A Possibility of Something: A Case for Howard Barker to be Awarded the Nobel Prize by George Jones

Beauty is a thing seized on a landing
While ugliness is halfway up the stairs.”
Howard Barker, Dead Hands

For most of the last three decades1, Howard Barker has been Britain’s greatest living dramatist. Over the fifty years since his first radioplay, Barker has produced a body of work both wide and deep, ranging over poetry, drama, film, painting, and criticism. Whenever possible, he does his own lighting, costume design, sound design, and directs his own work, and despite the breadth of his talents, he manages to be extraordinarily prolific. To date, he has written sixty-three plays, two marionette plays, eleven teleplays, six books of poetry, an opera, and three collections of writings on theatre, in addition to numerous radio plays, short film scripts, and paintings. Still - prolificity alone does not make a writer worthy of the Nobel Prize. In this essay, I’ll be examining what makes Barker unique as a playwright and poet, and making the argument that he should be the next Nobel laureate for literature.

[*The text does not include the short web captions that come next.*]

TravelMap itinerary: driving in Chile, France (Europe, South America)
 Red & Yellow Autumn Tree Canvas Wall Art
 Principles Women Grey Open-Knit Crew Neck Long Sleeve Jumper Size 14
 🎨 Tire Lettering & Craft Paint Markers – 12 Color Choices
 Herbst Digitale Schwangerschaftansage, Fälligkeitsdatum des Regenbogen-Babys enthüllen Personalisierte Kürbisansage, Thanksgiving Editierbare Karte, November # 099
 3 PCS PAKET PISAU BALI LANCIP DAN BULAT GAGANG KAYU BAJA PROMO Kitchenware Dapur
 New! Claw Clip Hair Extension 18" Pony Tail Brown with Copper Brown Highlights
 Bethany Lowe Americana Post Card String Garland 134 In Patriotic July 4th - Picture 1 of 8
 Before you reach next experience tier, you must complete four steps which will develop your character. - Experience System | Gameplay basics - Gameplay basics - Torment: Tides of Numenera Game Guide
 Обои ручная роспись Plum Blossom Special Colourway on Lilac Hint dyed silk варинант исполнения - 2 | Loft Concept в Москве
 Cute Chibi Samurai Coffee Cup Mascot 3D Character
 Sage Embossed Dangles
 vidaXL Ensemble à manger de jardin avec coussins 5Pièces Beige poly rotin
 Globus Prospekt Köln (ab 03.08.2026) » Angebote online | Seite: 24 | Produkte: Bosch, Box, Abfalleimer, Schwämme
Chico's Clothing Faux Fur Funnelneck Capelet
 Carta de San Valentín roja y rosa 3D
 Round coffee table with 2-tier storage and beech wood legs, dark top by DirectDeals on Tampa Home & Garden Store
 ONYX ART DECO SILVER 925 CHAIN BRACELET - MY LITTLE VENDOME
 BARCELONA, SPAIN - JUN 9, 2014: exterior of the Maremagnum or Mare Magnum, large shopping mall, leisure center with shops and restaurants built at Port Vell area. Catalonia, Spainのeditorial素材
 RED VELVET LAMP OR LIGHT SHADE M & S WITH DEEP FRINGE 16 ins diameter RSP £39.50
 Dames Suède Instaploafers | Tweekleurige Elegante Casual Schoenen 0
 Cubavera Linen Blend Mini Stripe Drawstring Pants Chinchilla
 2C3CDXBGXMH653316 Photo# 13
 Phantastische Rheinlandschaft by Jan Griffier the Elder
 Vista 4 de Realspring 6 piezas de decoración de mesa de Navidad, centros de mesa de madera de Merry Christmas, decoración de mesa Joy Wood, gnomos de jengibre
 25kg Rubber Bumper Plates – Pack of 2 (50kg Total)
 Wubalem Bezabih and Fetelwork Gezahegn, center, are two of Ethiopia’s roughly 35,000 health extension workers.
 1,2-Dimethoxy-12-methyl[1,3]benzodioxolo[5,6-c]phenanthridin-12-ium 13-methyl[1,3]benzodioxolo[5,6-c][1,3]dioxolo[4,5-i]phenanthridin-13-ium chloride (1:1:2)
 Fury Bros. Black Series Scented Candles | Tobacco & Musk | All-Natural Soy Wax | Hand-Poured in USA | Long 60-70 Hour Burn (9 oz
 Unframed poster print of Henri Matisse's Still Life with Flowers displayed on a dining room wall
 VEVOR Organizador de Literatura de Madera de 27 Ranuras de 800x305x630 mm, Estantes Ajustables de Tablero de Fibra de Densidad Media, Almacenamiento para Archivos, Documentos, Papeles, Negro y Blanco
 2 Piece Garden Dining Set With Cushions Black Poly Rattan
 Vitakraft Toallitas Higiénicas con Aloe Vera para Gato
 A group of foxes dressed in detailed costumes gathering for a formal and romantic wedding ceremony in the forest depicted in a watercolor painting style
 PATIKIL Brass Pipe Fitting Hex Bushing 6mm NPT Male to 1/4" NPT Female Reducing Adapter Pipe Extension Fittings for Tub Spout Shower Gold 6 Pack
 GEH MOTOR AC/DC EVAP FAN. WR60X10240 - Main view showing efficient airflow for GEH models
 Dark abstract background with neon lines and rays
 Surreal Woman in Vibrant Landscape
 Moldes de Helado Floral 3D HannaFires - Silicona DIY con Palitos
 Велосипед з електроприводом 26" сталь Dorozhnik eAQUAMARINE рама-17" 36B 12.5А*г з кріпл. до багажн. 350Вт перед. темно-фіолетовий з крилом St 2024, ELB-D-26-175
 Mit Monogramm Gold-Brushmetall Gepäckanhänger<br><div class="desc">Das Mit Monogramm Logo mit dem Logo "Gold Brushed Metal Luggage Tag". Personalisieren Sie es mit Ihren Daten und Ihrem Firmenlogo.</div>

One of the most immediate ways in which Howard Barker stands out from the rest of British theatre is his refusal of realism. Of course, there are other playwrights who set their plays somewhere other than the world we know, like Bryony Lavery or Howard Brenton, but most of the time those plays are still grounded in the principles of realism - the characters talk and act in much the same way that you or I would talk and act in their situation, and the setting is often a slightly altered version of our reality. Barker takes it a step further, setting each of his plays in its own self-contained universe, that does not necessarily behave according to real-world logic. His masterpiece Found In The Ground, which deals with the collective trauma of World War Two, is perhaps the finest example of this. The play works on a kind of associative, impressionistic level. The audience is presented with dogs on wheels, a headless woman who “perambulates” across the stage, a man who ritually consumes the ashes of famous Nazis (although not Hitler - “We never serve him here”) and is asked to draw their own conclusions about the meaning of it all.

I Want to say
Without temper
If possible
without the least sense of the heroic
Without even the measured ambition
to speak the truth
which is only another vulgarity
To say
I am not what I was
Indeed
I was nothing
and now I am at least the possibility
of
something
and this
I will defend2

Barker is, as one Guardian piece put it, “a champion of imagination, not ‘relevance’”3 - that is, he does not concern himself with passing comment on the issues of the day. Rather, Barker’s plays attempt to imagine what does not exist - to explore the possibilities of human behaviour. In particular, Barker returns over and over again to the theme of the perverse, in Poe’s sense of the term, to characters who do the wrong thing. Barker’s characters are driven to rebel - against society, against those who presume to judge them, even against their own moral codes - by overwhelming desires.
Barker did not name The Wrestling School - the theatre company dedicated to performing his plays - but its name is appropriate. Barker’s characters are constantly at war with themselves, torn between what is expected of them (and often, what is beneficial for them) and what they are driven towards. Barker’s conception of desire - both sexual and otherwise - is of a force both destructive and revelatory. His characters’ decisions often condemn them to suffering - and they are usually aware of this when they make their choices - but no other course of action would allow them to maintain their integrity.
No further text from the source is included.